Exercise> Restate, word for word and with no pictures, the stretch of lines in the data below that begins at the line with "Projektplanung 5WS-Infografik in blau" and ends at the line with "HARDWEAR BRACELET PINK", inclusive.

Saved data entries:
····················

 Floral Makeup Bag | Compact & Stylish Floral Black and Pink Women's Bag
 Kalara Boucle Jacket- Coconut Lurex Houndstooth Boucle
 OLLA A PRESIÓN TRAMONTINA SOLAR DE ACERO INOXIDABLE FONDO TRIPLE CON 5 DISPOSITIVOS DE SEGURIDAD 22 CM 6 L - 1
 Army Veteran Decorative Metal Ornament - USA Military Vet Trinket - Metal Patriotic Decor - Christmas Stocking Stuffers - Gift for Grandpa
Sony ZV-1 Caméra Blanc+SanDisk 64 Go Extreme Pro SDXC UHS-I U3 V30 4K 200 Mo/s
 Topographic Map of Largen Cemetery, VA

····················

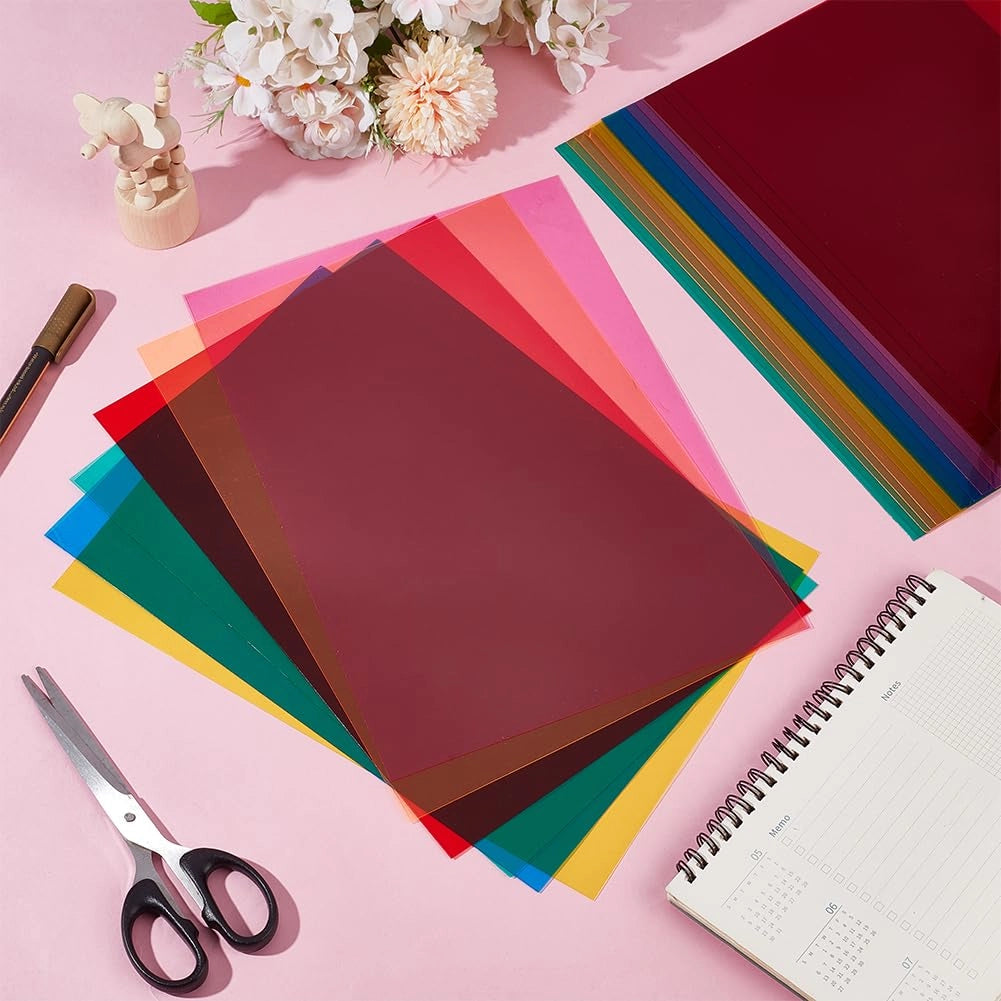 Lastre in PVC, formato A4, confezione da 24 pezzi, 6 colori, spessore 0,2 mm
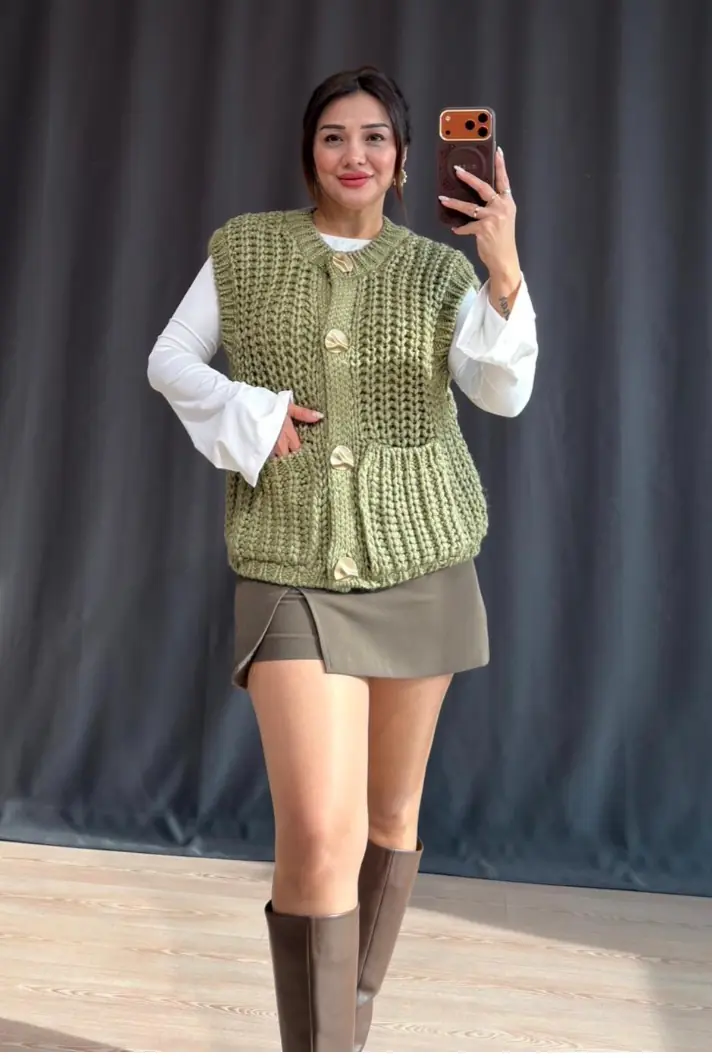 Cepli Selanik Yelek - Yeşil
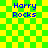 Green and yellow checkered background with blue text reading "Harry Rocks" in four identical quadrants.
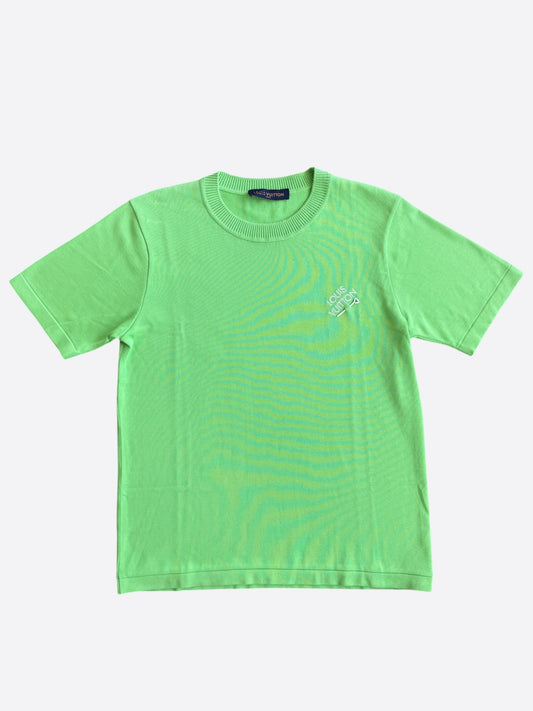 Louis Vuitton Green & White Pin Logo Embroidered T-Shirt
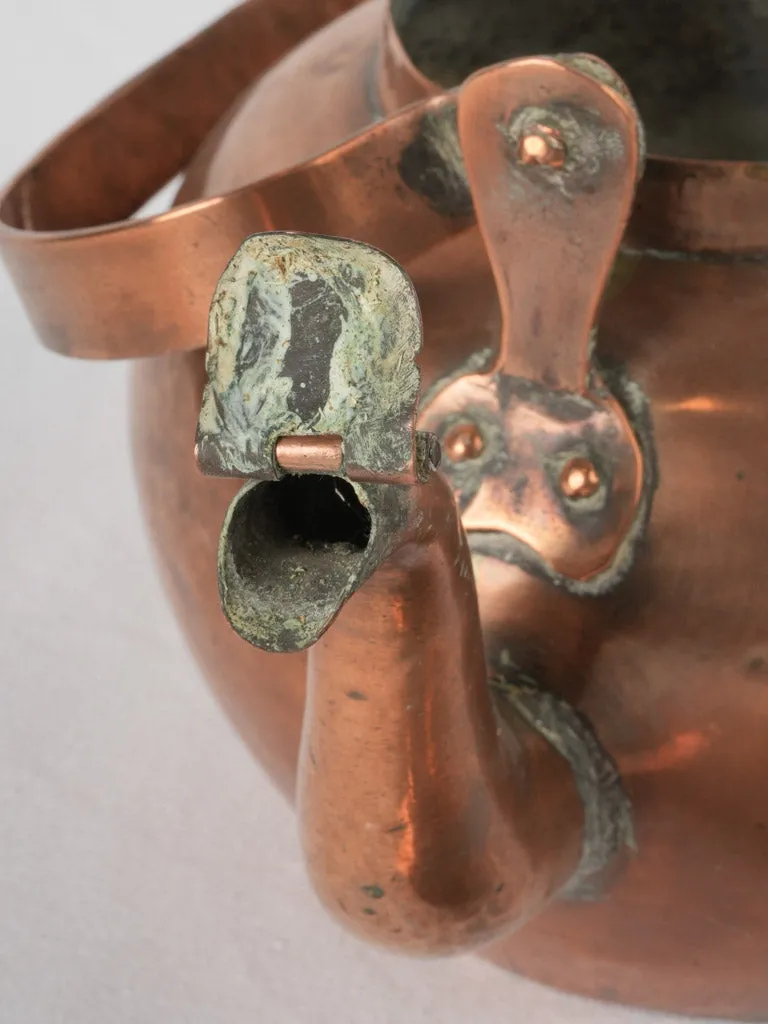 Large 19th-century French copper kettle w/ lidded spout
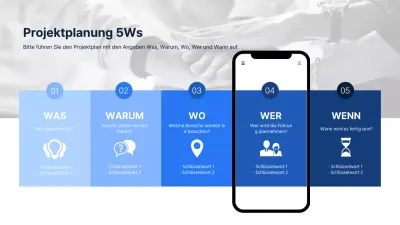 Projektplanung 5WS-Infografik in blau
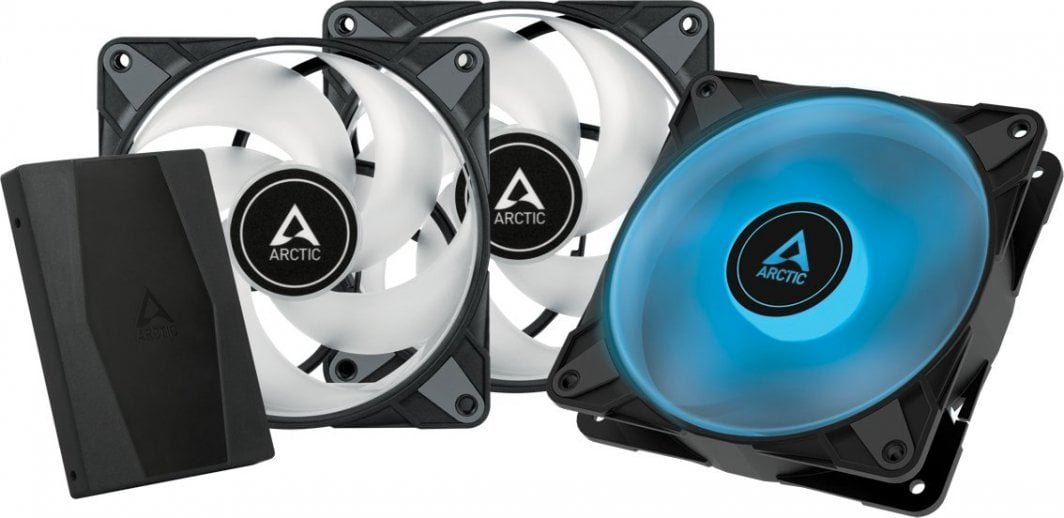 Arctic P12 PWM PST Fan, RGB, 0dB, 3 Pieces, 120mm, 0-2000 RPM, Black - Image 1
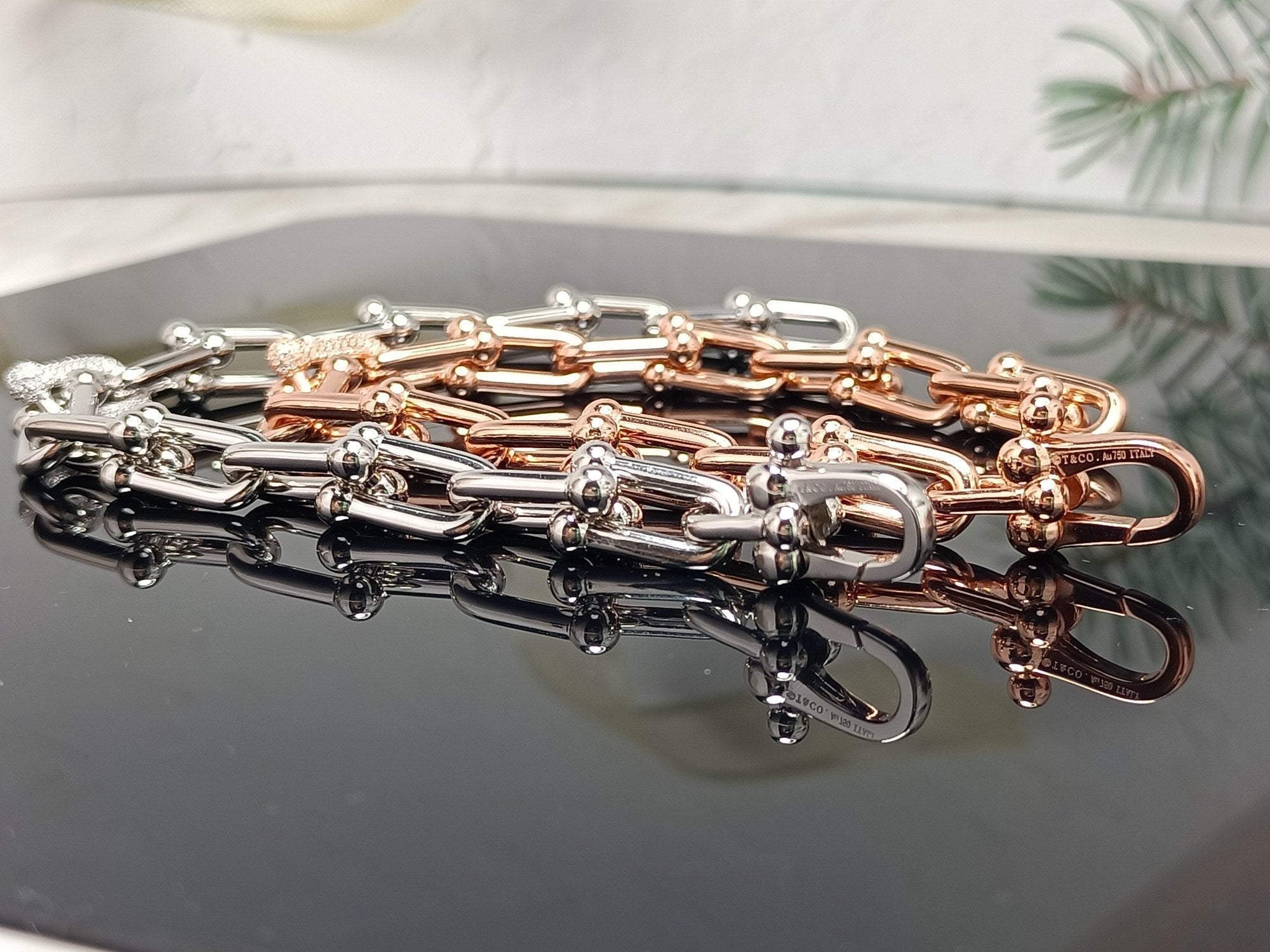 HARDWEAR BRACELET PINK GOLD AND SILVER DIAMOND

····················

Solution for this problem>
 Projektplanung 5WS-Infografik in blau
 Arctic P12 PWM PST Fan, RGB, 0dB, 3 Pieces, 120mm, 0-2000 RPM, Black - Image 1
 HARDWEAR BRACELET PINK GOLD AND SILVER DIAMOND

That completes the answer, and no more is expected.